– Век живи, век учись, брат Медников! Но почему им велено действовать только после Берлина? Тут что-то не то, Евстратий! Витте порядки на железной дороге досконально знает. Если буфетчик на неумёх внимание обратил, то он и подавно. Рискованно им медлить, раскусить могут. Депешу Новицкому я в Минск отправил, предупредил, но… без инструкций. Действовать он должен по обстоятельствам. То есть ждать, пока покусители себя не проявят. Вот черт побери! Молод наш Андрейка, неопытен! Как бы дров не наломал…
⁂
– Стало быть, выдали вы своих исполнителей, господин доктор, – констатировал полковник Герасимов, выслушав сбивчивый рассказ Дубровина. – Слава богу, что у вас хватило ума не лично давать им задание…
– А вы бы не выдали, ежели револьвер в глотку засовывают? – окрысился тот. – Но как узнали про меня? Этого адъютанта-инородца непременно отыскать надо, Александр Васильевич! И карета приметная, с гербом!
– Перестаньте, господин Дубровин! – поморщился Герасимов. – Нет никакого адъютанта! Есть ряженый! Очень осведомленный ряженый…
– Слушайте, господин полковник! Совсем из головы вон: он ведь на прощание, когда из кареты меня выпихнул, крикнул: «Смерть самодержавию!» Стало быть, революционер, среди тех искать надобно.

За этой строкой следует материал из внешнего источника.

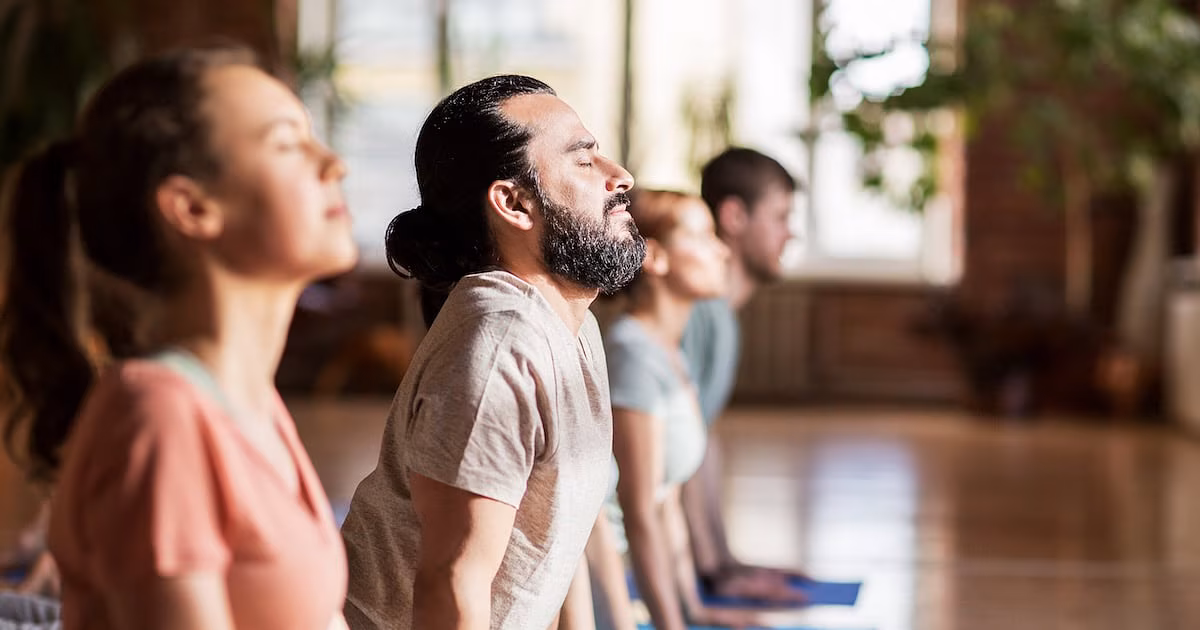 El yoga ayuda a la abstinencia de opioides, según muestran los ensayos clínicos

Герасимов насмешливо покосился на перепуганного до сей поры вождя «черной сотни»:
– Вы что же, всерьез полагаете, что революционеры озаботились предстоящим покушением на Витте, господин Дубровин? Да они сами на Витте давно зубы точат. Это маскировка, причем не самая умная.
– Но вы злодея-то все равно, надеюсь, искать будете?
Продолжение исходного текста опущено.